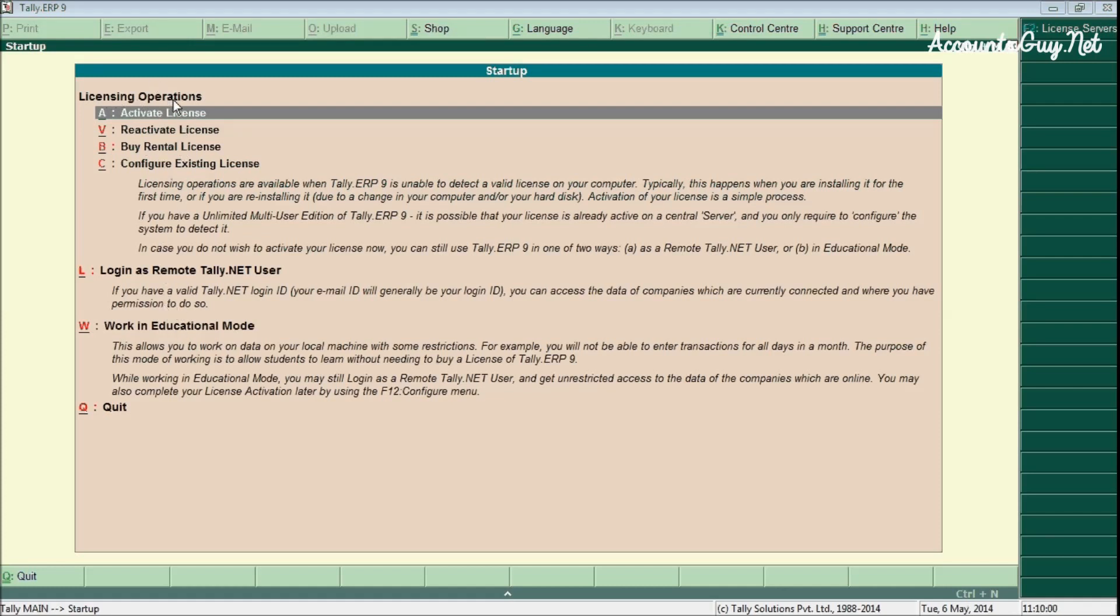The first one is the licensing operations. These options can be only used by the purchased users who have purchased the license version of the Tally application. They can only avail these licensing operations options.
------
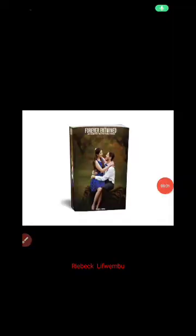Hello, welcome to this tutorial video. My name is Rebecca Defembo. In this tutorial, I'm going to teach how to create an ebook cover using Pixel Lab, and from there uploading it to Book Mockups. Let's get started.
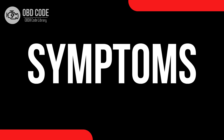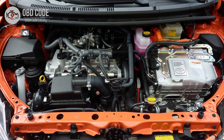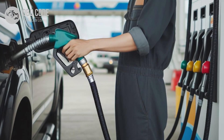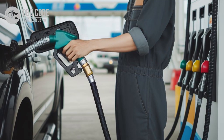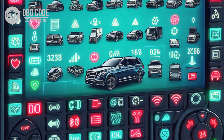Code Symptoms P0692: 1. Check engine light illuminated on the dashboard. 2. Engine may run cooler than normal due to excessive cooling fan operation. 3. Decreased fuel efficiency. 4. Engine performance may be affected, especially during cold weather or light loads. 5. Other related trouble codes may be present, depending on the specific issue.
------
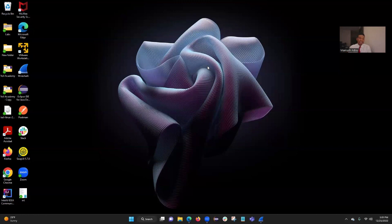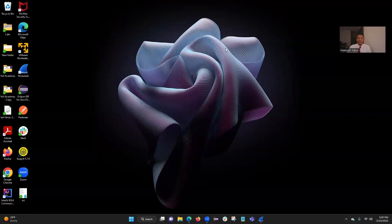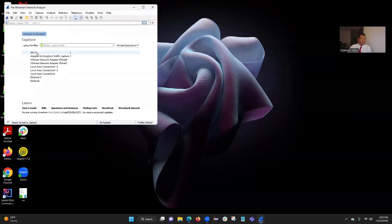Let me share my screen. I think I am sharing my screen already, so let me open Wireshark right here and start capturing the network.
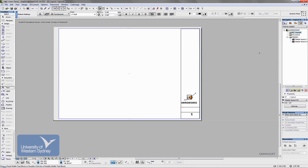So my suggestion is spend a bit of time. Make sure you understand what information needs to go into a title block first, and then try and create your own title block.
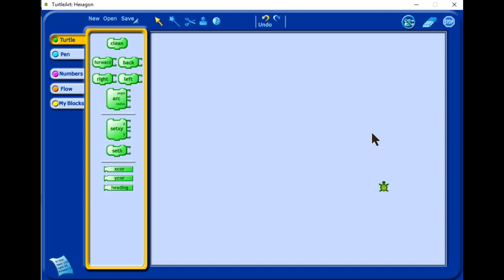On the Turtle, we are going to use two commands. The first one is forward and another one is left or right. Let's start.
------
Range to copy from the listing above: the line containing "So my suggestion" down to the line containing "On the Turtle, we", both included. Reproduce it exactly, minus the pictures, and add nothing.

So my suggestion is spend a bit of time. Make sure you understand what information needs to go into a title block first, and then try and create your own title block.
On the Turtle, we are going to use two commands. The first one is forward and another one is left or right. Let's start.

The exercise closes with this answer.